If you can't read the stars, you'd better have a map,
a compass and a conscience so you don't get lost at sea
around some lonely island no one wants to be.
From the beginning of creation, I think our Maker had a plan
for us to leave these shores and sail beyond the sand.
a compass and a conscience so you don't get lost at sea
around some lonely island no one wants to be.
From the beginning of creation, I think our Maker had a plan
for us to leave these shores and sail beyond the sand.
A friend of mine played this song for me this morning, and it spoke to my soul in a way that I didn't know I needed. I've been feeling that "stuck in a moment" feeling lately that has me vacillating between the life extremes of safety and adventure and desperately afraid that my form of compromise will be one of monotony. (I fear little in life more than monotony.)
This is not a new struggle. In fact, it's been part of me for as long as I can remember. Something deep within me is compelled to explore and experience and cram my mind with as many memories as possible.
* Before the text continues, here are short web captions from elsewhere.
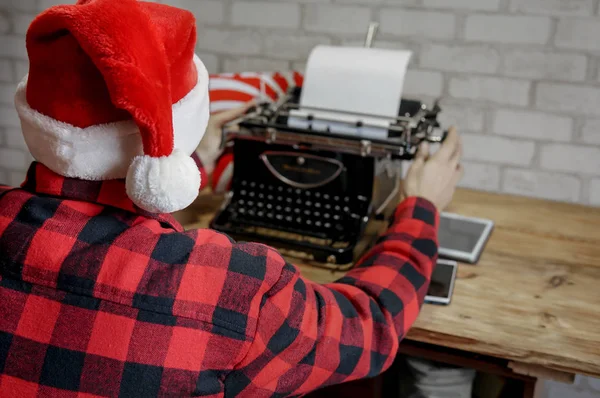 Modern Santa Typing Merry Christmas Greetings Vintage Typewriter Typing Machine — Stock Photo, Image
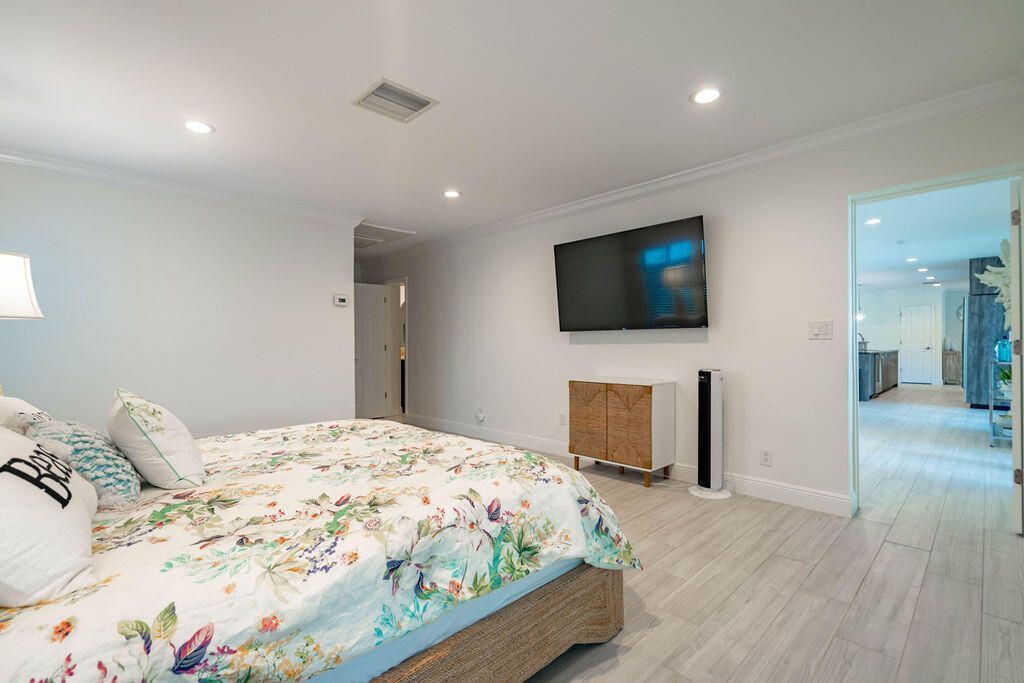 2401 NE 33rd Street, Lighthouse Point, FL 33064 Photo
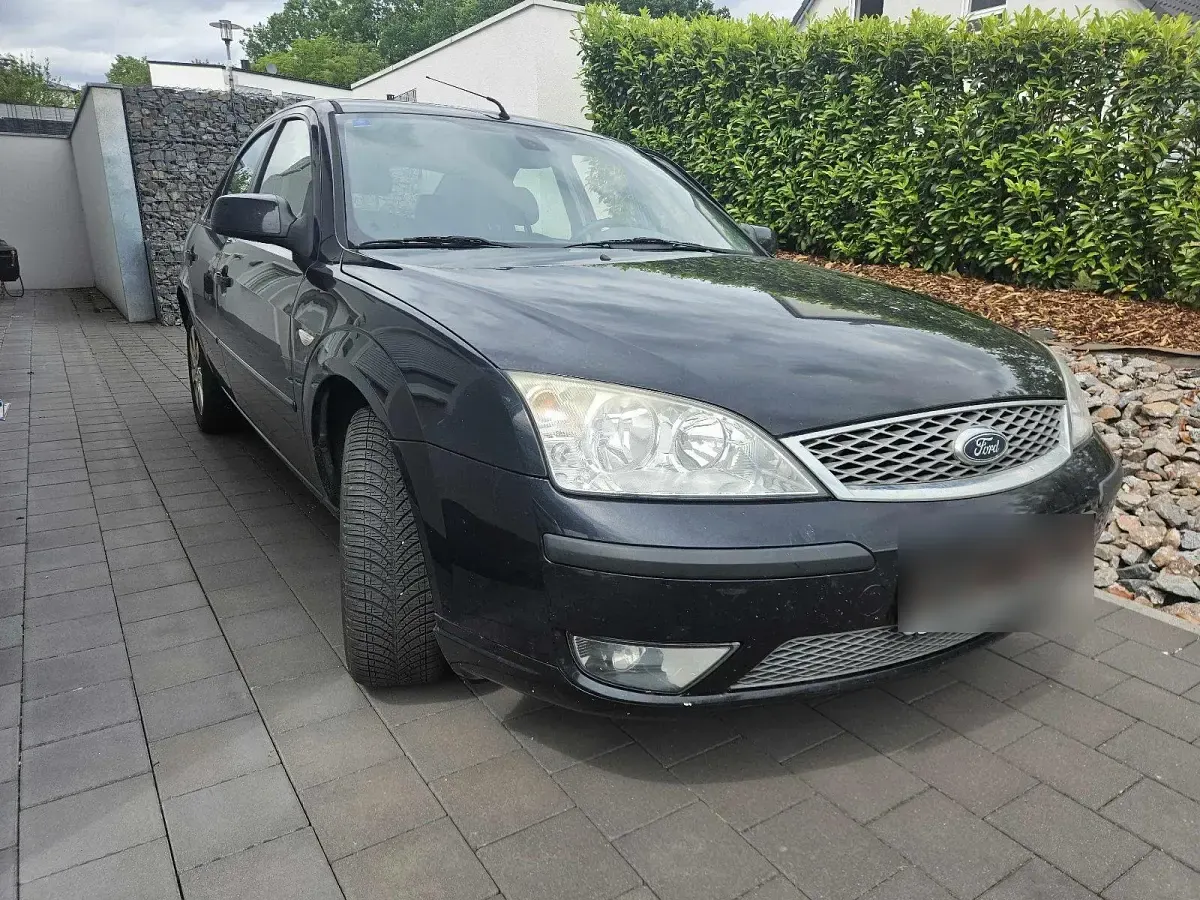 Gebraucht Ford Mondeo 125 PS (91 kW) 2007 Schwarz Limousine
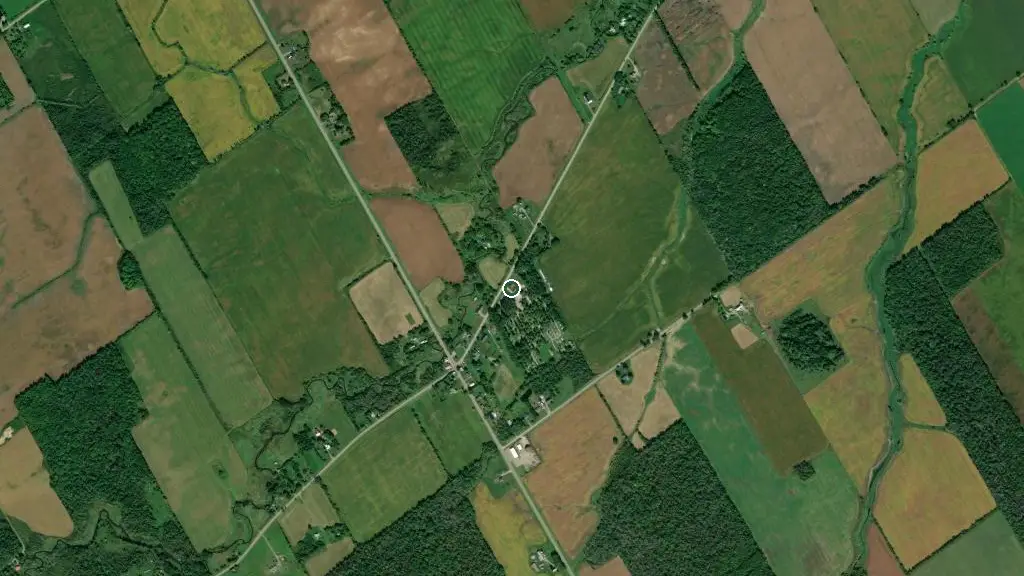 Aerial view of Cardinal / Ottawa South KOA Holiday and surroundings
I've suppressed it well for most of my life, but when the soul calls and aches, you can ignore it for only so long.
It's aching right now. That's wanderlust--an ache in the distance. For me, this means I could easily sell my property and possessions and hop in a Jeep to explore the Badlands or cruise the Pan American highway. It means I might very well leave behind all I know to live abroad.
I'm starting to think that I'm not meant to be settled. I'd like to say that I don't know what this means, but I have an idea. It scares me to think of the possibility. I've grown accustomed to the "safe" life I have right now (even though I am well aware that it's a lot less safe than I like to think it is). Yet, I've been asked twice in the last week the same question that strikes to the heart of the matter.
So when are you going to start writing?
Between this question and this morning's song, I have no choice. It's time to jump...to be vulnerable to myself...to be authentic to my being.
I'm writing again.
Comments
I understand that feeling. That wanderlust. That ache that pulls you away from where you are and calls you out into something - you just don't always know where it is you're being called.
I get it.
I can't wait to see what you do with it.